INSTRUCTIONS FOR THE TASK ->
Please retype the records below exactly as they appear, leaving out every picture.

DATA UNDER STUDY ->
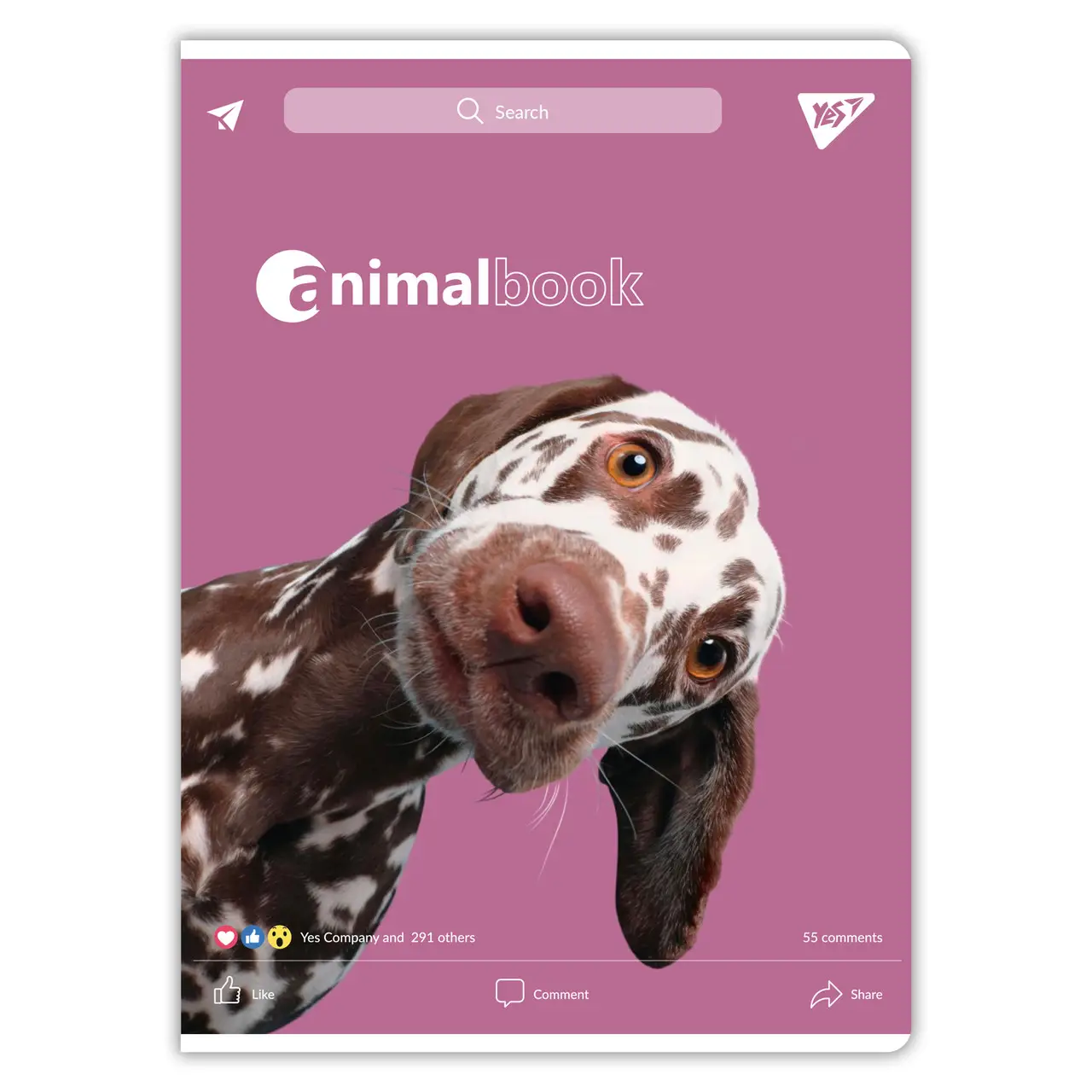 Зошит А4 48 кл. YES "Animalbook" гібрид, 682002 3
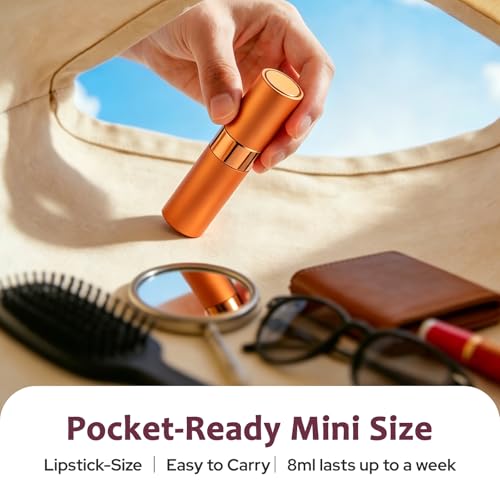 Image of LISAPACK 8ml Travel Perfume Bottle Refillable, 3 PCS Cologne Atomizer Spray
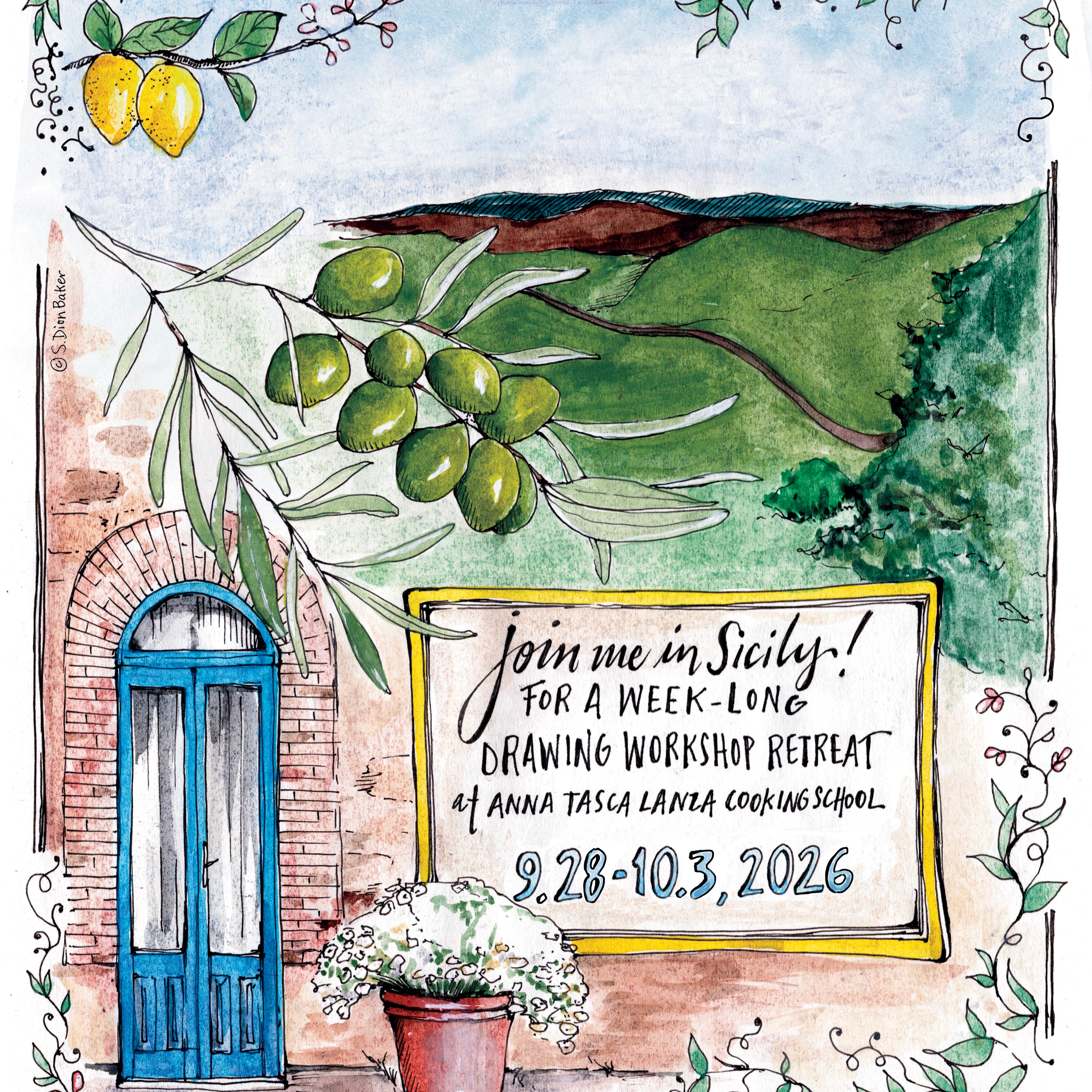 Sicily Drawing Workshop 2026! thumbnail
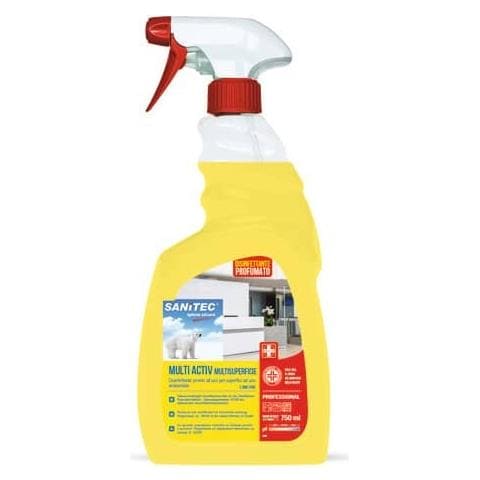 Sgrassatore Alcolico Disinfettante Multi Activ Multisuperficie - Profumo Limone - Flacone 750 Ml - 1838-s - Foto 1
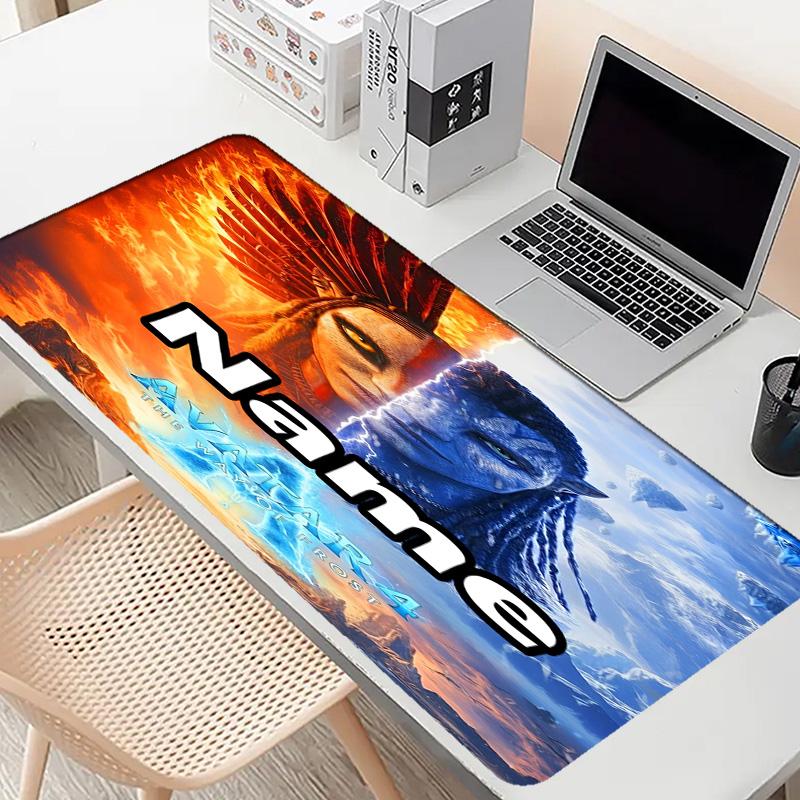 Custom Name Personalized Avatar Pattern Mousepad, Laptop PC Desk Mat, Decorative Desk Mat for Home Keyboard Pad Gift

YOUR SOLUTION ->
 Зошит А4 48 кл. YES "Animalbook" гібрид, 682002 3
 Image of LISAPACK 8ml Travel Perfume Bottle Refillable, 3 PCS Cologne Atomizer Spray
 Sicily Drawing Workshop 2026! thumbnail
 Sgrassatore Alcolico Disinfettante Multi Activ Multisuperficie - Profumo Limone - Flacone 750 Ml - 1838-s - Foto 1
 Custom Name Personalized Avatar Pattern Mousepad, Laptop PC Desk Mat, Decorative Desk Mat for Home Keyboard Pad Gift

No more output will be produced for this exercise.